河原に降り立ち、ロッドを繋いでいきます。釣り支度をしているこの時間、うわずった心をなだめながらの一連の作業は至福のひとときであり、これは釣りをするすべての人にとって共通するのではないでしょうか。想定以上に春はまだ先の様子でしたが、美しい渓魚が水面を割って躍り出る瞬間を妄想するのを止められません。
完全にフラグでしたね。期待に反して魚の反応は全くなく、唯一釣れたのは10cmほどの小さなヤマメでした。この時期は花粉に悩まされながらの釣果であったことをようやく思い出しました。
一度車まで戻って下流に移動してみました。釣り人の姿をよく見かけるポイントですが、橋の上から遠望しても上流にも下流にも全く人影がありません。カワウの姿すらなく、正直釣れる気がしなかったのですが、山々から水を集めた里川の流れには妙に色気があって、誘われるようにラインを伸ばします。生命感溢れる水にフライを馴染ませて流す作業を飽きることなく繰り返しているだけで、あっという間に3時間が過ぎていました。
■野生のローカルたちが囁く「ここに魚いるよ」
さらに車で1時間ほど移動して、同漁協の管轄する違う川へ。日没までの約1時間、この日最後の釣りに望みを託しました。
初めての川、ポイントです。まずは様子を見ていると、サギが翼を広げて舞い降りました。なんだか思慮深気に流れを見ています。セキレイたちが流れから顔を出した石の上をしきりに飛び交っています。流れのヨレを読み解くようにじっくりと観察を続けます。ふわふわと風に乗って虫たちが舞っていました。ガガンボです。水中の石には蛹(さなぎ)がびっしりと付いています。
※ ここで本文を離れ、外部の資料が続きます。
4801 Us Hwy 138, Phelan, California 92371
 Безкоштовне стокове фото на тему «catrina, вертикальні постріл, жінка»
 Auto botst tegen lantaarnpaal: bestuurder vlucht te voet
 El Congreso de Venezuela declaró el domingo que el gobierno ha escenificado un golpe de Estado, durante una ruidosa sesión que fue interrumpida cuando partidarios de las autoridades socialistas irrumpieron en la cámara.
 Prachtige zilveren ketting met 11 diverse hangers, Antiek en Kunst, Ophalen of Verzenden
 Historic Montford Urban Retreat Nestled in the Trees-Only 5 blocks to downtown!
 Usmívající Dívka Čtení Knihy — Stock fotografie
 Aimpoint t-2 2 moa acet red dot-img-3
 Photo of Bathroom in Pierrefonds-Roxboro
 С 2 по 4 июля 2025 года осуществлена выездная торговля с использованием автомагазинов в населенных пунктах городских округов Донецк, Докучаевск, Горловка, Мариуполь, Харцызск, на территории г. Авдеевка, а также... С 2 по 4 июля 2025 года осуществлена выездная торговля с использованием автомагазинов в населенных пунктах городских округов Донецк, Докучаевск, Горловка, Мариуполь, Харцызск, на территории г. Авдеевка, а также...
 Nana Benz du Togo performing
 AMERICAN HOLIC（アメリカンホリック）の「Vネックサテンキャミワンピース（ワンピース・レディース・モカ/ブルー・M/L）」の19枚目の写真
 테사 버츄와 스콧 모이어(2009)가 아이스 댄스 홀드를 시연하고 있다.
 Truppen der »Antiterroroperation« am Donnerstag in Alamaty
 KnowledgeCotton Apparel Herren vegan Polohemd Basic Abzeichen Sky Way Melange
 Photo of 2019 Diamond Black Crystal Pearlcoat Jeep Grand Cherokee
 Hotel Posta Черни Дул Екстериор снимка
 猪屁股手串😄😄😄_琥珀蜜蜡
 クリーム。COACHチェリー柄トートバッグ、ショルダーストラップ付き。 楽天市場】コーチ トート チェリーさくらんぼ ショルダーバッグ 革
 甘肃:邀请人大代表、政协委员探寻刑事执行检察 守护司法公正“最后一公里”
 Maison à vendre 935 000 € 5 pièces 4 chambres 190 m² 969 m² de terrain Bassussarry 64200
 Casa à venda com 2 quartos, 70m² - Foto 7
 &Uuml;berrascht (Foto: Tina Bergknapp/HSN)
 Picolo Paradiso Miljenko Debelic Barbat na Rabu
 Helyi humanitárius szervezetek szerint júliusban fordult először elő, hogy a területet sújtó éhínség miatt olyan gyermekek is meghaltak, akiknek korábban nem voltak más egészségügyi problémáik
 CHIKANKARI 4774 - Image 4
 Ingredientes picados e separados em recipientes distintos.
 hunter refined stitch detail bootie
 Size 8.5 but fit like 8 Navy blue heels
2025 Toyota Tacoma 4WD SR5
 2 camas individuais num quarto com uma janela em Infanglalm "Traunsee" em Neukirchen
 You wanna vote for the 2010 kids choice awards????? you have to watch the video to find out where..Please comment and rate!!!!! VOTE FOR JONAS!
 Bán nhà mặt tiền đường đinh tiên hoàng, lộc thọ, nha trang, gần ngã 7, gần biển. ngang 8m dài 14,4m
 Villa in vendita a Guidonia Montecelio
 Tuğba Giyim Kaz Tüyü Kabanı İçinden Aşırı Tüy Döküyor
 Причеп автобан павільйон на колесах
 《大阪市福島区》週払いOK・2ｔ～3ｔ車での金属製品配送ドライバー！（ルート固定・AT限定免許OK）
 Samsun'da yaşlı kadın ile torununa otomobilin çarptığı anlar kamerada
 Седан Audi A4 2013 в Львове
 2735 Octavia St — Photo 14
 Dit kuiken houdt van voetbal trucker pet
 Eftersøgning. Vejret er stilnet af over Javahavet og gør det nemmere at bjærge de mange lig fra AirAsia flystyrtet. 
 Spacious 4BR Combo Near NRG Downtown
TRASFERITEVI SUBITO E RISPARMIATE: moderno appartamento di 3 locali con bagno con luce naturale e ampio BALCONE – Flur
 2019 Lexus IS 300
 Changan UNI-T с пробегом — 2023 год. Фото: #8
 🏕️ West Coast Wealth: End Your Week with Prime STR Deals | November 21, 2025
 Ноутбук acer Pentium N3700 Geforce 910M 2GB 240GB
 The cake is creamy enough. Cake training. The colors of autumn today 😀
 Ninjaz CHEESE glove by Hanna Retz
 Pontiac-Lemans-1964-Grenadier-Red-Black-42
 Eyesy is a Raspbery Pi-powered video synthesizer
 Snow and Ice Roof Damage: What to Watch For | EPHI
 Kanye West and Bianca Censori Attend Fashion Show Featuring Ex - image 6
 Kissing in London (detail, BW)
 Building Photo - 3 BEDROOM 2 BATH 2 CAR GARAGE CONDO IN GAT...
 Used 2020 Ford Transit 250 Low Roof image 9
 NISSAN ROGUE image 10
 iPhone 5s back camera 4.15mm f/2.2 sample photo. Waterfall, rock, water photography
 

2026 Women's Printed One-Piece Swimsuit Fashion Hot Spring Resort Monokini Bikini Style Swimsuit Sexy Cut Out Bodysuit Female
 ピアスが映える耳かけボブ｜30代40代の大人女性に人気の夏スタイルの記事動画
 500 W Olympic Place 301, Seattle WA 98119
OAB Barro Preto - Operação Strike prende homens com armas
魚影は見えずライズもありませんが、複雑な流心に紛れて良型のヤマメが泳いでいるような予感がして、そっとフライを流します……。日没まではあとわずか、岩陰に隠れながら上流に回り込んでみます。流れに沿わせて流し込んだソフトハックル(フライの一種)。ラインを手繰り、そっと誘ってみると、忘れかけていた生命の脈動が伝わってきました。20cmに満たない小さなヤマメが、飛び跳ねるように水面を割りました。